This morning, Christopher McQuarrie tweeted a black-and-white photo of Henry Czerny with the message, "There is no escaping the past...#MI7MI8" The teasing indication, of course, is that Czerny, who played the IMF director in Brian De Palma's franchise-starting Mission: Impossible in 1996, is returning for the next two installments, which are being filmed back-to-back later this year for planned releases in 2021 and 2022. About two hours later, Todd Vaziri, visual effects supervisor on the recent Mission: Impossible films, tweeted the image above with the message, "🚨 KITTRIDGE ALERT 🚨".
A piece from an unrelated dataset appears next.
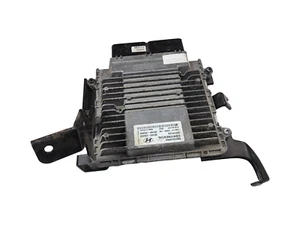 2013-2015 Hyundai Santa Fe Computer ECM ECU Control Module 39130-2GAE0 OEM - Picture 1 of 12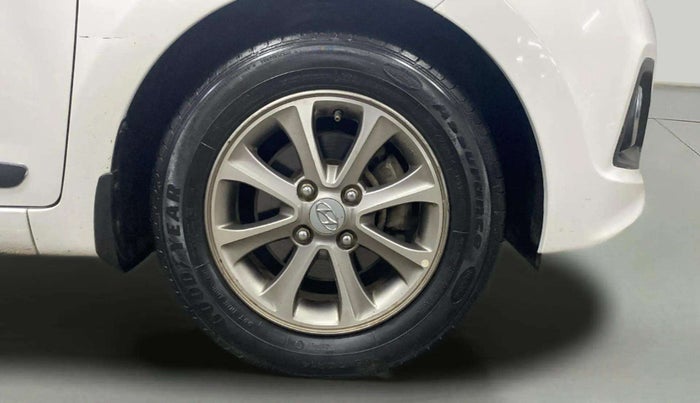 2016 Hyundai Grand i10 ASTA (O) AT 1.2 KAPPA VTVT, CNG, Automatic, 66,779 km, Right Front Wheel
A week ago today, McQuarrie discussed one of Czerny's big scenes from De Palma's film in a tweeted response to Tom Gregory. "DePalma," wrote McQuarrie, "while he certainly has flair, doesn't do anything in Mission just for show. His low angles in the fish restaurant, for example, create an intense sense of pressure and keep the fish tank above them in the story. He's not showing off. He's setting up. He let the scene and location tell him where to put the camera and when to cut. He understands that a scene is not just a series of lines, but a series of emotional impulses. The *visuals* tell the story. The dialogue is merely score. Watch the scene again without sound."

On a side note, I love this response McQuarrie tweeted earlier this morning to someone asking him how he avoids plot holes: "Avoid plot."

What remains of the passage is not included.